ECONOMíA › OPINION
› Por Raúl Dellatorre
Entre la política de administración de precios de la gestión anterior de la Secretaría de Comercio (congelamiento y acuerdos parciales de Guillermo Moreno) y la que acaba de lanzar el actual equipo económico, se escucha y lee en estos días que las principales diferencias son “de estilo” y “un poco más de prolijidad” ahora que antes, pero no mucho más. Por eso, quienes así analizan la cuestión no le asignan gran futuro al actual ensayo, porque no ataca “las causas reales”, que no serían otras que un excesivo gasto público y una emisión monetaria descontrolada. Traducido en términos simples: proponen resolver la inflación con una brutal recesión, que en definitiva convalide la transferencia de ingresos en favor de quienes abusaron en estos últimos meses de su posición dominante en los mercados y se favorecieron en su rol de “formadores de precios”.
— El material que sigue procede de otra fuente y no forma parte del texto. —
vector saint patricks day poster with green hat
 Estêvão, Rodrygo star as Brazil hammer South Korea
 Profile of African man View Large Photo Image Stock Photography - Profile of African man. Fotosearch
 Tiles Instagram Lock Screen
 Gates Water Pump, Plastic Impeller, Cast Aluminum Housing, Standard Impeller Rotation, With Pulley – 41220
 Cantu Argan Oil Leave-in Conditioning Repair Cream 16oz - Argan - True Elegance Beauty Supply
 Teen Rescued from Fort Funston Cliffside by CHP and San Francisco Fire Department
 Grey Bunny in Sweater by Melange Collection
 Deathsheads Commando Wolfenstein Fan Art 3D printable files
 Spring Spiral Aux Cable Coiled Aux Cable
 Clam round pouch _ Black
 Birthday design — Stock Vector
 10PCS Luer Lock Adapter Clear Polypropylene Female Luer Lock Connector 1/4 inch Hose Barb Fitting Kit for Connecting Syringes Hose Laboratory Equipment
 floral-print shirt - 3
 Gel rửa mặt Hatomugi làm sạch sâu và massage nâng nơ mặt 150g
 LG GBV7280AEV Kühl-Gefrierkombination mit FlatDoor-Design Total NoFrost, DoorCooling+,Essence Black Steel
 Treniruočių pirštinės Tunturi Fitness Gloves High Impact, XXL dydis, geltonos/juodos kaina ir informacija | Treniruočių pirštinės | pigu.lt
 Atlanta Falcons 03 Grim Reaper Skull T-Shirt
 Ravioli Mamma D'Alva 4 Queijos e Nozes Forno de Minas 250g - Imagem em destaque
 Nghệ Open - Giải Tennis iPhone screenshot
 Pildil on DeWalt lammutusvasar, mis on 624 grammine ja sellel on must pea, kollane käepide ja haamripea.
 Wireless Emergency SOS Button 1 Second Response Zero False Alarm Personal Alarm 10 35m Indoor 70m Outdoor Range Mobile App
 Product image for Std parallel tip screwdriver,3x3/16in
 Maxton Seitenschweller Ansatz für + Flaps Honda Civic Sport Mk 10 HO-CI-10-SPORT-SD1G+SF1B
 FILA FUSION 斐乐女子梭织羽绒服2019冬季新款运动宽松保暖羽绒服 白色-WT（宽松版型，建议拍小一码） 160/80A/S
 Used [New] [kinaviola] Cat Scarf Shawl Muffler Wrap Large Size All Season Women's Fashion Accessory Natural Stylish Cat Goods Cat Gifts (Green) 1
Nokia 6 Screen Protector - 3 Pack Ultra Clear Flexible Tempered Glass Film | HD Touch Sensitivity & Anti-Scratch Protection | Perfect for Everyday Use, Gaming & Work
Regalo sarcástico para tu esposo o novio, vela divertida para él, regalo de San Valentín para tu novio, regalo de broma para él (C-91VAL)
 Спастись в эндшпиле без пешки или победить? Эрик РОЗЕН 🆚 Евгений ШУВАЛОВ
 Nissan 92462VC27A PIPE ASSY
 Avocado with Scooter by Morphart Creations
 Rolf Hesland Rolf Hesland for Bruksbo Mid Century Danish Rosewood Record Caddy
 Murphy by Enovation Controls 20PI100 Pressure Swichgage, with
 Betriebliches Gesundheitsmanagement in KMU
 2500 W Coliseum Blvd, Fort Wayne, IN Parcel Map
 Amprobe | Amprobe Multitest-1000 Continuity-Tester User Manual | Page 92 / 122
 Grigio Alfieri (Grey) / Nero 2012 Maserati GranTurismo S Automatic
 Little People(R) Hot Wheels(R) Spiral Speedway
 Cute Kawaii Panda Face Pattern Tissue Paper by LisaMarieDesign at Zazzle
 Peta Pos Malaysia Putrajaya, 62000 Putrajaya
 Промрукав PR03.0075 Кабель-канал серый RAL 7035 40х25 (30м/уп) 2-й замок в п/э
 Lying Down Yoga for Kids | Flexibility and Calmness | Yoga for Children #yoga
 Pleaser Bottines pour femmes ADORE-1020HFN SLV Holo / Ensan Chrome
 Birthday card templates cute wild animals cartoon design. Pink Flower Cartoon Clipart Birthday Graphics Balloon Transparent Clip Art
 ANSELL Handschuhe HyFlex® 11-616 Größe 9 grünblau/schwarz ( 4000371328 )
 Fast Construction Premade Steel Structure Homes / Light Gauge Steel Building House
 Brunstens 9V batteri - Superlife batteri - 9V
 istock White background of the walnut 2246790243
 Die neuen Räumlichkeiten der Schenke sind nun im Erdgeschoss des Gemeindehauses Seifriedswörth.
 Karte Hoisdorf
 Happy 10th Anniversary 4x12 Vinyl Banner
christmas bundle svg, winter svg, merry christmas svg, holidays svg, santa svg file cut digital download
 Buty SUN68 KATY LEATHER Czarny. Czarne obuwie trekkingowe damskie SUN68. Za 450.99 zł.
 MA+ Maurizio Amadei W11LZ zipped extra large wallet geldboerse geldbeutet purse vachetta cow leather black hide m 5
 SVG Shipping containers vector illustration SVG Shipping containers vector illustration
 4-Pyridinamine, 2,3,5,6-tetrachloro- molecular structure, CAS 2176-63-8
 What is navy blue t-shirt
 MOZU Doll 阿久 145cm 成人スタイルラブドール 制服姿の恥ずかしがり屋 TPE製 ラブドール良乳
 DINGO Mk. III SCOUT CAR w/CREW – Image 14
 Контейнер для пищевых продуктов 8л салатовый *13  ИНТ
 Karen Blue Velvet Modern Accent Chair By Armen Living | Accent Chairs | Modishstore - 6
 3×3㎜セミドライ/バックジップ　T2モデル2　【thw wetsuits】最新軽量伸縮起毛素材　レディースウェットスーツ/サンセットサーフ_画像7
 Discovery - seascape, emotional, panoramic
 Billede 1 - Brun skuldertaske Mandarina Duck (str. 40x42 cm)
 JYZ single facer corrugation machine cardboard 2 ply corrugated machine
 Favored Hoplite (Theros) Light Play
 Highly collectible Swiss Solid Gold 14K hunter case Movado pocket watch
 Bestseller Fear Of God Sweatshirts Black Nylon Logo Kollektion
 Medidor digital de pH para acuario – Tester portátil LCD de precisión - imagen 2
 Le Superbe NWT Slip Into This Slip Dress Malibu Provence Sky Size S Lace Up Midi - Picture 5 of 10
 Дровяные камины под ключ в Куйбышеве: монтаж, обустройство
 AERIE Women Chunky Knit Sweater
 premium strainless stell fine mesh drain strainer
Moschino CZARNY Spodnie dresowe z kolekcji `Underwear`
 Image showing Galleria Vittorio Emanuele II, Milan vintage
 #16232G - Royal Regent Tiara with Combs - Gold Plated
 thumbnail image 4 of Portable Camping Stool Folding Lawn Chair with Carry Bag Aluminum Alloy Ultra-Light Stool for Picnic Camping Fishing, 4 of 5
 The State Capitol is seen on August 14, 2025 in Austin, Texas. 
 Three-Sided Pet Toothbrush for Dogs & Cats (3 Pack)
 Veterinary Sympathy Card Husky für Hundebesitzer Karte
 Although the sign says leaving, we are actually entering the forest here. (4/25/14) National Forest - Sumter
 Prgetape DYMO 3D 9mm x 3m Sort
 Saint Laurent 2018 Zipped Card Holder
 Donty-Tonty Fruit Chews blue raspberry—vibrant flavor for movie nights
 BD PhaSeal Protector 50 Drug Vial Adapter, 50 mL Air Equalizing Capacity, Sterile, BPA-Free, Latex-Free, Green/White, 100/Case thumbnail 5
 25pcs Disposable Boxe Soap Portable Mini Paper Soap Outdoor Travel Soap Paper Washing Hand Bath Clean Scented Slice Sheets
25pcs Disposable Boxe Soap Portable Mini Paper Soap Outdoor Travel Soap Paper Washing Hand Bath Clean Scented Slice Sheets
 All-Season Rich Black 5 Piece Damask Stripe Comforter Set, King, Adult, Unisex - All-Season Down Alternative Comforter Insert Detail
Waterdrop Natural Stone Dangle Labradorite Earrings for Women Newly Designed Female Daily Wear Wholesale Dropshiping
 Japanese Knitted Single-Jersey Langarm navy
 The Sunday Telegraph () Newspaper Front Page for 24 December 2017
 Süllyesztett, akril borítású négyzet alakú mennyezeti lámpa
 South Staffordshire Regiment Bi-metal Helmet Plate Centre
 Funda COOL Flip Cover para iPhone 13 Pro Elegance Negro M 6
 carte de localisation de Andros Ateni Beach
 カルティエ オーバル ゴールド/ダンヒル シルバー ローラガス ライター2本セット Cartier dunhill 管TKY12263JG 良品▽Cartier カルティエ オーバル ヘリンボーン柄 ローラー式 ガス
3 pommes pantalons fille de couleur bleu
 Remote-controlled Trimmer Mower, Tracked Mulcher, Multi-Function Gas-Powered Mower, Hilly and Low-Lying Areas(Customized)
La conducción económica (y sobre todo la política) del Gobierno rechaza esta receta, asumiendo todos los riesgos que ello implica. Lo hizo con el intento de administración acordada de Moreno y vuelve a rechazarlo con el nuevo ensayo. El anterior fracasó. El plan actual muestra diferencias importantes con la estrategia de su precedente. Parte de un diagnóstico diferente: reconoce la existencia de una concentración excesiva en mercados fundamentales, presencia de formadores de precios capaces de controlar las cadenas respectivas de producción y comercialización, y de conductas comerciales abusivas y engañosas, que desprotegen a consumidores que terminan sin saber qué vale cada cosa ni cómo defenderse. Consumidores que sospechan que les están robando, pero tampoco saben quién lo hace.
Tras reconocer esas falencias, la nueva política de precios ensaya algunos intentos de revertirlas. Pone en manos de los consumidores un listado importante de artículos y precios (la información, como herramienta defensiva), con el compromiso de las grandes cadenas de ofrecerlos en esas condiciones (acuerdo con los oferentes). El acuerdo debería funcionar por tres meses (una especie de tregua), tras lo cual se podrían revisar los precios. Antes de que eso ocurra, el Gobierno se propone hacer un seguimiento de la cadena de producción y comercialización para verificar potenciales nudos u obstáculos que afecten el abastecimiento o la estructura de precios (atacar las causas estructurales, los cuellos de botella, oferta no competitiva). Quienes afirman que los acuerdos de precios fracasan indefectiblemente porque atacan sólo las consecuencias pero no las causas deberían prestar alguna atención a este aspecto de la propuesta.
Los análisis de mercado en los despachos de los actuales ocupantes del Palacio de Hacienda indican que no son más de 80 proveedores los que controlan el 75 por ciento de los productos que componen la canasta básica de consumo de la población. Siendo tan pocos, ostentan un enorme poder. Pero también al ser menos, constituyen un objetivo más preciso para su control. En ellos, y en las 20 o 30 grandes cadenas que ocupan una proporción similar de la comercialización, está centrada la actual etapa de la batalla contra la inflación.
Estos mismos grandes actores fueron los que hicieron fracasar el plan anterior, de Guillermo Moreno, traicionándolo: pergeñaron maniobras de cambios de packaging (presentación de envases) o directamente sustitución de productos acordados por otros ajenos al acuerdo, que viabilizaron aumentos en las góndolas del 185 por ciento (lavandina de la marca líder) o el 244 por ciento (yogures de la primera marca del rubro) tan sólo en los nueve meses de vigencia del acuerdo (abril a diciembre de 2013). Esos mismos actores vuelven a estar dentro del nuevo acuerdo. El que cambió es el actor del otro lado del mostrador: el Estado. Al menos, en su actitud de control y seguimiento. Nadie puede garantizar un resultado exitoso, pero habrá que reconocer lo promisorio del cambio.
El planteo del conflicto por parte de las actuales autoridades muestra, también, el reconocimiento de un aumento en el precio de bolsillo para muchos artículos de primera necesidad muy por encima del índice oficial de precios al consumidor. Algunos de los promotores de los índices alternativos opositores, inclusive desde el Congreso, lo festejaron. Pero también deberían pronunciarse sobre la responsabilidad de los grandes formadores de precios, que aplicaron aumentos desorbitantes e injustificados hasta diciembre, que los “relevamientos privados” computaban pero no denunciaban. Esas actitudes, ahora conocidas con nombre y apellido, merecerían algún tipo de pronunciamiento público de quienes vienen ocupándose insistentemente del “flagelo de la inflación”. Sería interesante que se pronuncien sobre este nuevo y diferente intento oficial de controlarlos, y hasta que se sumen a la convocatoria de un control popular de precios. Si no, correrían el riesgo de que alguien confunda su silencio con una actitud cómplice hacia los grupos dominantes.